Abstract

An exploration of the links between organizational and green innovation has been the subject of an impressive quantity of literature during recent years. In this study, the ability of firms to refine their organizational practices in accordance with external developments has been considered, particularly in the context of the introduction of updated environmental regulations and advanced technologies, with the aim of surviving and competing globally. In this study, it was postulated that organizational innovation was one of the main drivers of green innovation at the level of the firm. Hence, the intention here was to study whether green innovation was affected when businesses adapted their environmental strategies in alignment with organizational structures. Moreover, the paper aimed to explore whether there was any major disproportion in green innovation between firms in dirty and in clean sectors.

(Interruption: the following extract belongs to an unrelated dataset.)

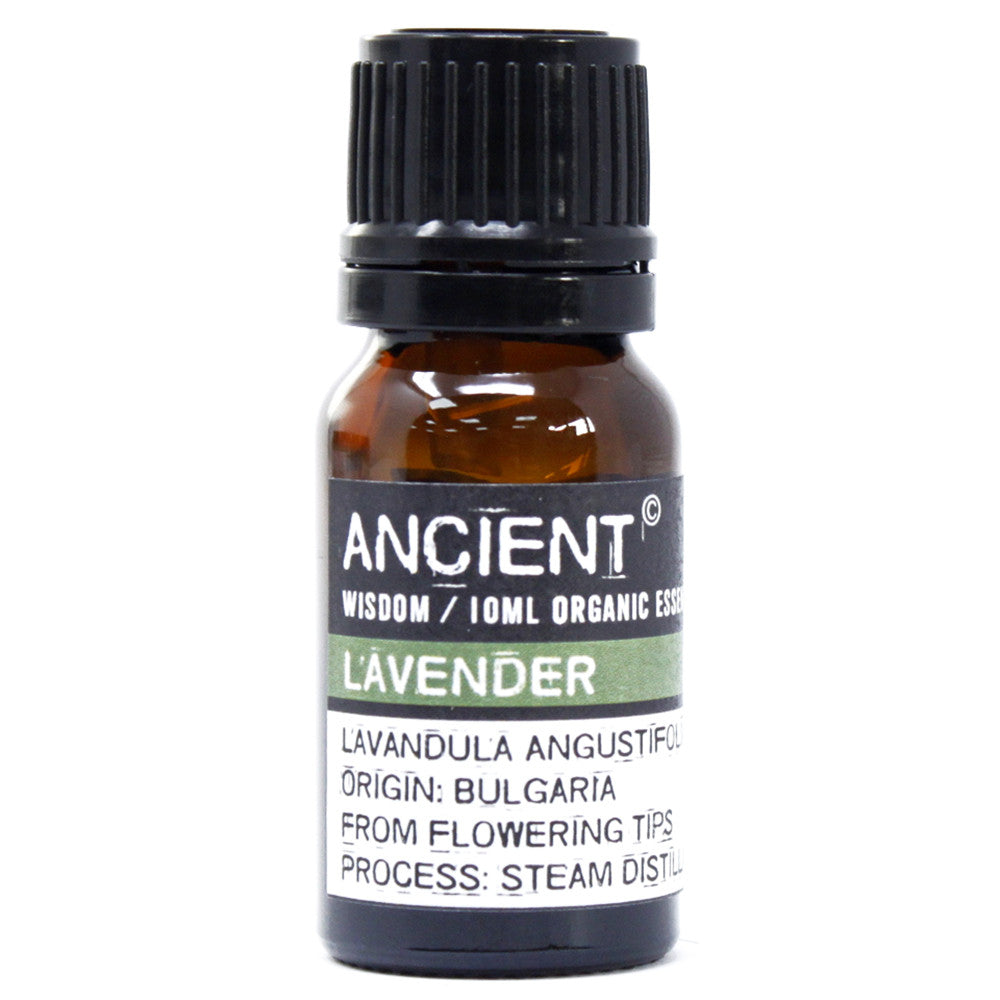 10ml Organic Essential Oil - Bulgarian Lavender product packaging on clean background from Quintessential Holistic Health Ltd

To address these main points, a two-step regression using the generalized method of moments (GMM) was run on data relating to organizational innovation factors and green innovation constructs at the level of the firm, this information being drawn from the Technological Innovation Panel (PITEC) database. These panel data, based on the Community Innovation Surveys (CIS) framework, were used to detect innovations in Spanish firms by investigating long-term relationships between variables to control for nonobservable heterogeneity. The principal findings confirm that the organizational innovation variables studied did promote green innovation and that the dirty sector firms were more likely to undertake green innovations than those in the cleaner sectors.